After finishing 10/7, her time had run out, but Sara insisted on finishing the last 3. When we got to 10/9 below, Don asked Sara if there was a Pattern in here:
Sara saw that going from right to left, the top numbers in the fractions got bigger by 1 and the bottom number got smaller by 1!! Now Don had never seen this before, in 54 years of teaching! Then when they got to 10/5 = 2 the pattern wasn't there; so they changed the remaining answers to 1 and something. The 10/5 = 2 = 1 5/5, then it fit in the pattern! After a lot of work in renaming numbers by Sara, even knowing what the answers would look like from the pattern, the final results ended up looking like this:
Maya's work dividing 9 by different numbers
This shows the power of PATTERNS in mathematics! It also shows Don's willingness to try new things, his fearlessness, and his being excited about the unknown and what will happen. Normally Don aims for students finding different ways to solve a problem; for example, if one shares 10 cookies between 3 people, a student might share 3 each, then cut the left-over cookie into 4 pieces, each getting 1/4, then cutting the left-over 1/4 into 3 pieces, each 1/12, so each person would get 3 + 1/4 + 1/12 (which is equivalent to 3+1/3 which Sara ended up with above). OR students, sharing when they can, then cut left-over pieces into 2 equal pieces every time, and end up with an infinite series 3 + 0/2 + 1/4 + 0/8 + 1/16 + 0/32 + ... which is also equal to 3 1/3!
Notice that Maya worked on The Peg Game and The Tower Puzzle (ch.6) before the division. Maya knew how to do these divisions by cookie-sharing also. Don left 9/6 = 1 3/6 without reducing the 3/6, in order to continue the pattern.
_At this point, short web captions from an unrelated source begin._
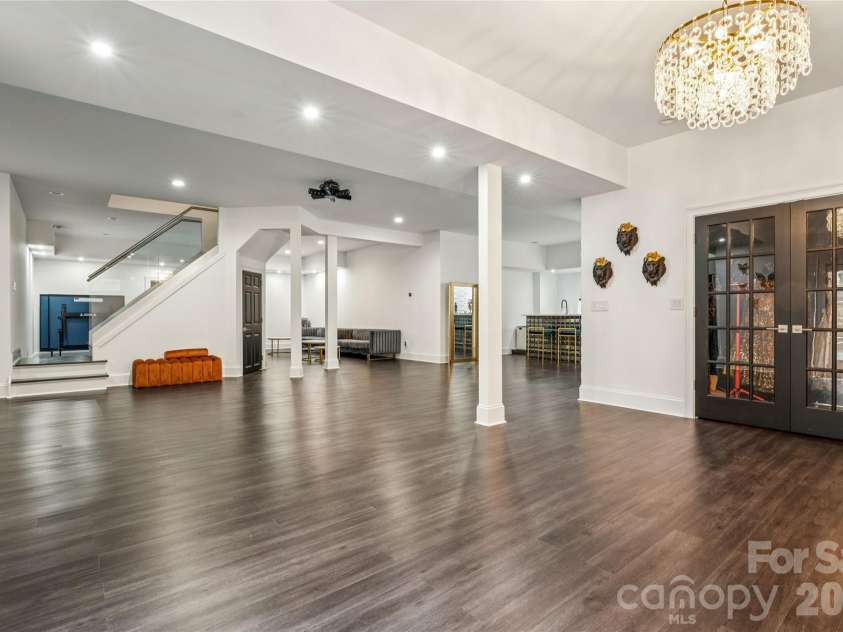 217 Cattle Ridge Road, Waxhaw, NC 28173.  MLS# CAR4383320, YatesRealty ID 31733. Basement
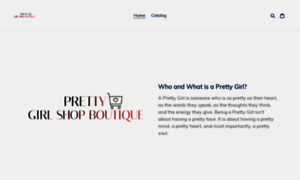 Prettygirlshopboutique.com thumbnail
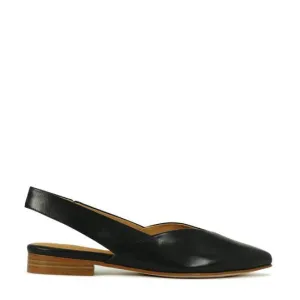 Eos Emira W Black Leather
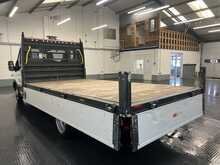 Ford Transit 350 EcoBlue Leader 2.0 2dr L4 Dropside Manual Diesel 2.0 2dr Dropside Manual Diesel - U2376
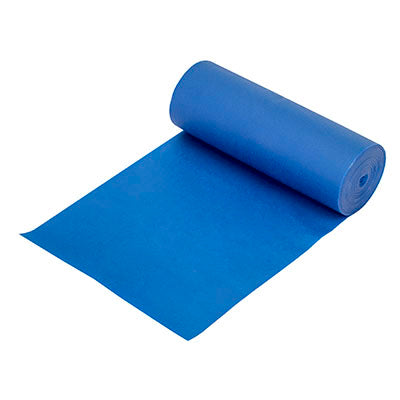 Val-u-Band Resistance Bands, Dispenser Roll, 6 Yds., 5-Piece Set (LATEX FREE)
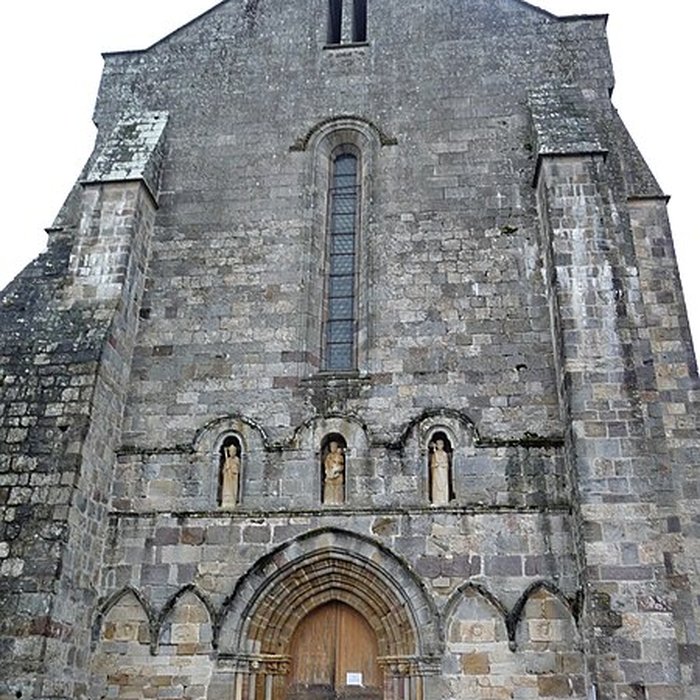 Photo de Église Saint-Pierre-et-Saint-Pardoux dArnac-Pompadour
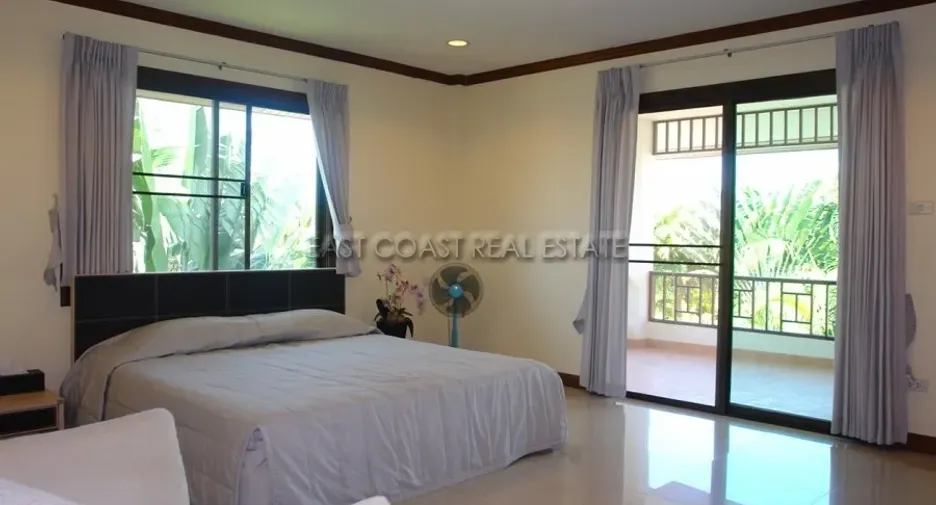 For rent 4 ベッドルーム house in Bang Lamung, Chonburi
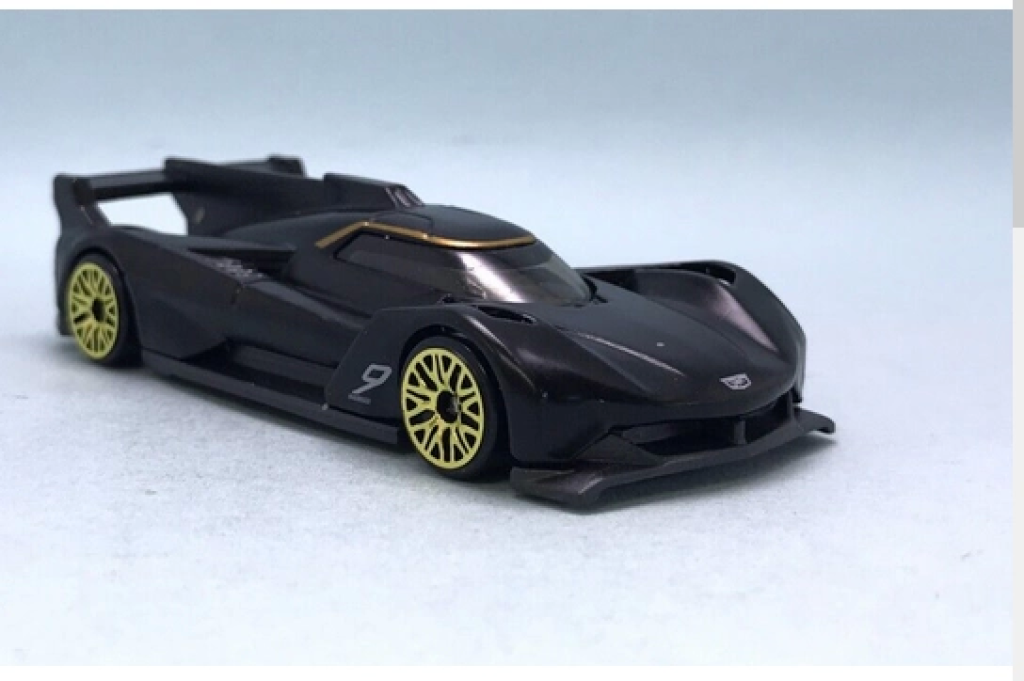 Hot Wheels HW Turbo Cadıllac Project GTP Hypercar 2024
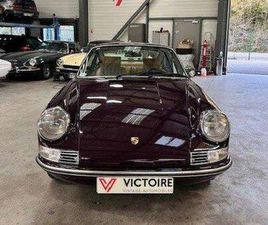 PORSCHE 911 2.2 T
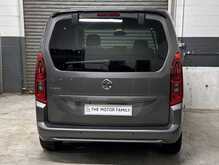 2022 (72) Vauxhall Combo Life 1.5 Turbo D SE 5dr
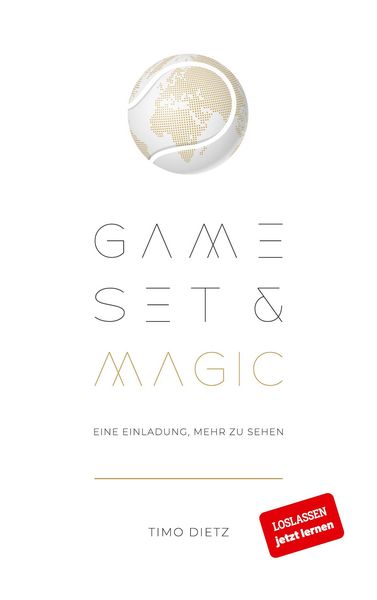 Produktbild: Game, Set and Magic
Too much emphasis is placed on reducing fractions to lowest terms, because you also lose the patterns if you do that- which is more important.
Great work Sara and Maya !
AnnEmily, 2nd grader, adds fractions using complex fractions and multiplies mixed numbers-WOW!
Don gave AnnEmily the problem 2/3 + 1/4 = ? He walked away to work with other students. When he came back, he saw this picture (without 1/8 and so on in black print which he put in after to help him and other people understand what she did).
AnnEmily explained the picture to Don (as he remembered it): The whole is a 12x12 square. The red section is 2/3 of that. The blue part is 1/4 of it.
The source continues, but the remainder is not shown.